As parents, we need to live with our children with great understanding; it’s a confusing world they’re trying to figure out. Children grow up hearing how Charlotte, the spider, became friends with Wilbur, a cute little farm pig. Then they visit a hog farm or eat pork chops for dinner. They read about Baloo the Bear becoming friends with a human in The Jungle Book, and then they see a stuffed grizzly at Cabela’s. And they watch Simba battle his uncle, Scar, after his dad died, and then watch a lion tear apart a monkey on a nature show.
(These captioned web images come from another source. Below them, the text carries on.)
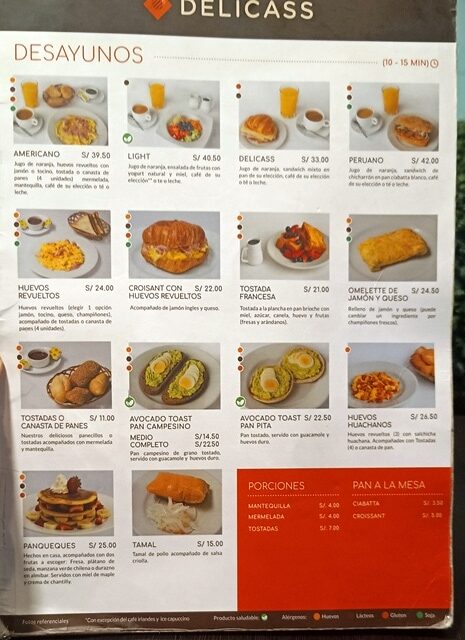 Cardápio Delicass, aeroporto de Lima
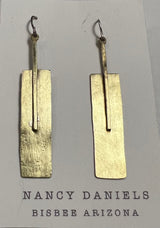 Nancy Daniels Up The Creek Brass Earrings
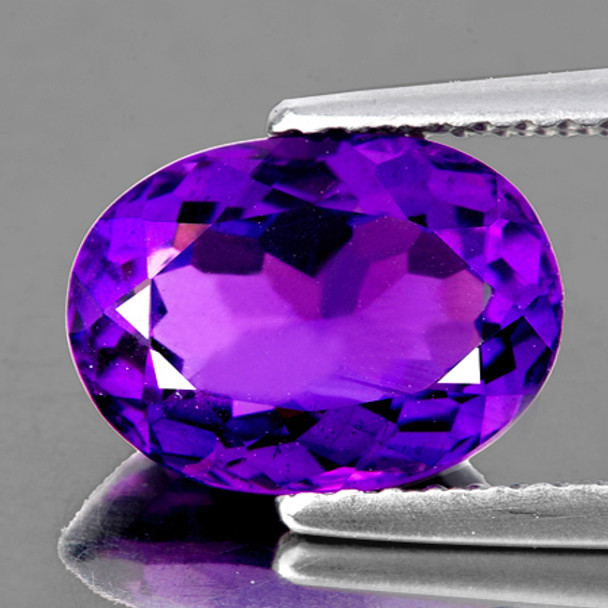 18x13 mm Oval 11.65cts Top Luster Natural Intense Purple Amethyst [Flawless-VVS]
I love these stories, and they expanded and shaped my imagination. It’s just that, as a dad, I’m realizing that they make the journey to understanding life and death in the real world, well, odd. I saw this the other night when Claire tried to cope with seeing a pine martin hunt, catch, and eat a squirrel in the Redwood Forest. After the scene, she swallowed hard, sniffled, and said, “It’s ok…that squirrel wasn’t that cute.”
Which told me that, to Claire, it actually was that cute.
I’m thankful for our farm. The Briar Patch is sort-of the halfway mark between Disney and Planet Earth. We have chickens, cats, dogs, and fish. When I went home for lunch today, there were over 100 wild turkeys in the cornfield to the east. As I pulled out of the driveway to go back to work, a whitetail doe bounded from our tree line. Most of the animals on our acreage have names, and our kids treat them as pets. Yet…they poop. A lot. And they fight, attack one another, and eventually they die. In three short years of living outside the city limit, we’ve lost three kitties, crippled a chicken, and flushed countless fish down the toilet and into our septic tank.
It’s a hard, cold world at times, and we need stories to warm it up. As parents, we need to put ourselves into our children’s minds to help them process the chilly parts.